| Assignment |
Below are several entries. Transcribe exactly those lines that fall from the one with "in side and" through the one with "generated through optimized", end lines included.

| Records provided |
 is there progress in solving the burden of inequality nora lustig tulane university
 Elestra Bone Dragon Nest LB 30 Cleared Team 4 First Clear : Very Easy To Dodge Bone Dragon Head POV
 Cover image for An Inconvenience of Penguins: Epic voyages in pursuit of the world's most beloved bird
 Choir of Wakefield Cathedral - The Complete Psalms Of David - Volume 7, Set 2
--
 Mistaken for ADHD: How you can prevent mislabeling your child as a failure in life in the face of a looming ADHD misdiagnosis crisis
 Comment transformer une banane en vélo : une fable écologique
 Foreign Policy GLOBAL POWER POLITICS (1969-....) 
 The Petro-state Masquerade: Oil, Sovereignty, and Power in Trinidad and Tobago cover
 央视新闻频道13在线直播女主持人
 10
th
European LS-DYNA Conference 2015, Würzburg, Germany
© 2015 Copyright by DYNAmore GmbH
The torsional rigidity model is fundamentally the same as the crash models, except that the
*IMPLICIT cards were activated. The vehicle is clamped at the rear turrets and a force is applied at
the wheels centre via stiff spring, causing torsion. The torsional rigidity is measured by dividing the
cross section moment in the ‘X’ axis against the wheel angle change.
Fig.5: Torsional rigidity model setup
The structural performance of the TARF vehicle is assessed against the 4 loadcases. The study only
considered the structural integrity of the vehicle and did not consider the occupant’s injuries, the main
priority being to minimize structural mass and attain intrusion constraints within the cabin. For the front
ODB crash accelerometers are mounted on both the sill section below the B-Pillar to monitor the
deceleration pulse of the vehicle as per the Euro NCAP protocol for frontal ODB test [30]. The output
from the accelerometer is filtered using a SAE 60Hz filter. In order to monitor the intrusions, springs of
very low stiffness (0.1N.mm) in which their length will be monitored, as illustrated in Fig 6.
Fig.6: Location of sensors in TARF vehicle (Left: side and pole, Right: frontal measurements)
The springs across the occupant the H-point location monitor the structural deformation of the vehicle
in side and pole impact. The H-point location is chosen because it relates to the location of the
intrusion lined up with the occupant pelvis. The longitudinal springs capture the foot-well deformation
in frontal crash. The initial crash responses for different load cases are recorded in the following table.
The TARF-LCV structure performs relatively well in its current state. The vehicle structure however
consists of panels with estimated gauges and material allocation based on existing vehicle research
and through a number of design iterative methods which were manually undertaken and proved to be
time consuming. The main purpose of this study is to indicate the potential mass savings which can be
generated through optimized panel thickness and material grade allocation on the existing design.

| Expected answer |
in side and pole impact. The H-point location is chosen because it relates to the location of the
intrusion lined up with the occupant pelvis. The longitudinal springs capture the foot-well deformation
in frontal crash. The initial crash responses for different load cases are recorded in the following table.
The TARF-LCV structure performs relatively well in its current state. The vehicle structure however
consists of panels with estimated gauges and material allocation based on existing vehicle research
and through a number of design iterative methods which were manually undertaken and proved to be
time consuming. The main purpose of this study is to indicate the potential mass savings which can be
generated through optimized panel thickness and material grade allocation on the existing design.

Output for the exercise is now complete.